16 Charts That Show the Shocking Cost of Gun Violence in America


This Is What It’s Like to Survive a Gunshot


Methodology: the Data Behind Our Investigation


Watch: The Total Cost of Gun Violenceâ&#128;&#148;in 90 Seconds

“We focus on the proceedings. We focus on the death penalty. We focus on the perpetrator. But we don’t focus on the people affected.”

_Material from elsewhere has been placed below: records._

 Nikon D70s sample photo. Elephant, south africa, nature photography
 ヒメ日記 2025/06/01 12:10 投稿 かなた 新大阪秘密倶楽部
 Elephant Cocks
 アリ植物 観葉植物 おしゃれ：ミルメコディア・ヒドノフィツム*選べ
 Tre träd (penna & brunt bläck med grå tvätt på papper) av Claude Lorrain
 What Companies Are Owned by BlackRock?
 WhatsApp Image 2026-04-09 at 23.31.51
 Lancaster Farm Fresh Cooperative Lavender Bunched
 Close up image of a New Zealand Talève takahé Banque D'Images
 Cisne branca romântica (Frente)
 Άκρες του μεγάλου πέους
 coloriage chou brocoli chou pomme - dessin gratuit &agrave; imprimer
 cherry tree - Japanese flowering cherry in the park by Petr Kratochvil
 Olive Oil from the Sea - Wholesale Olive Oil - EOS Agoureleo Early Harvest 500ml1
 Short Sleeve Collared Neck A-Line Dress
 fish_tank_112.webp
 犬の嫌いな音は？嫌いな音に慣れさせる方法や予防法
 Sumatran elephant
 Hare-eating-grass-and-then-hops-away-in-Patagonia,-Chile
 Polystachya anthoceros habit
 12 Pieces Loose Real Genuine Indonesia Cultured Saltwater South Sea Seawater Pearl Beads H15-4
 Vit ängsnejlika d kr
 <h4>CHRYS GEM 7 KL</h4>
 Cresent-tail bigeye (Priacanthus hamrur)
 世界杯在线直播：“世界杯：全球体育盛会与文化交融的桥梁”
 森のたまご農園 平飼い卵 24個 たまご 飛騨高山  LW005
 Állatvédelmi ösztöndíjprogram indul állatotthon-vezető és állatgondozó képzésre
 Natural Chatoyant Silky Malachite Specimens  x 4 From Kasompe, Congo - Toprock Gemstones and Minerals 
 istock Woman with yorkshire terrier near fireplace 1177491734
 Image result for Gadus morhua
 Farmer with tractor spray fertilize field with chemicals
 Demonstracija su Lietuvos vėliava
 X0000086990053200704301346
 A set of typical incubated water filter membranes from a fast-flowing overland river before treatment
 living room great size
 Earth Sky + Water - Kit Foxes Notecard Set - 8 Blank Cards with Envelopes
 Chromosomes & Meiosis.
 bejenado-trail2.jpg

That was how Sandy Phillips, whose daughter Jessica Ghawi was among the 12 people murdered in a movie theater in July 2012, described the American public’s perception as the trial of mass shooter James Holmes got underway on Monday in Aurora, Colorado. It’s a fair point given the inordinate attention that such killers crave, and tend to get, from the media. Yet as Phillips also noted, “that ripple effect of how many people are affected by one act by one person, one animal, is incredibly large.”

She’s right—not just in terms of the trauma and suffering borne by the victims (an additional 58 wounded and 12 others injured in the chaos), their families, and their communities, but also in terms of the literal cost. The price tag for what was one of the worst mass murders in US history is in fact stunningly high: well over $100 million, according to our groundbreaking investigation into the costs of gun violence published earlier this month.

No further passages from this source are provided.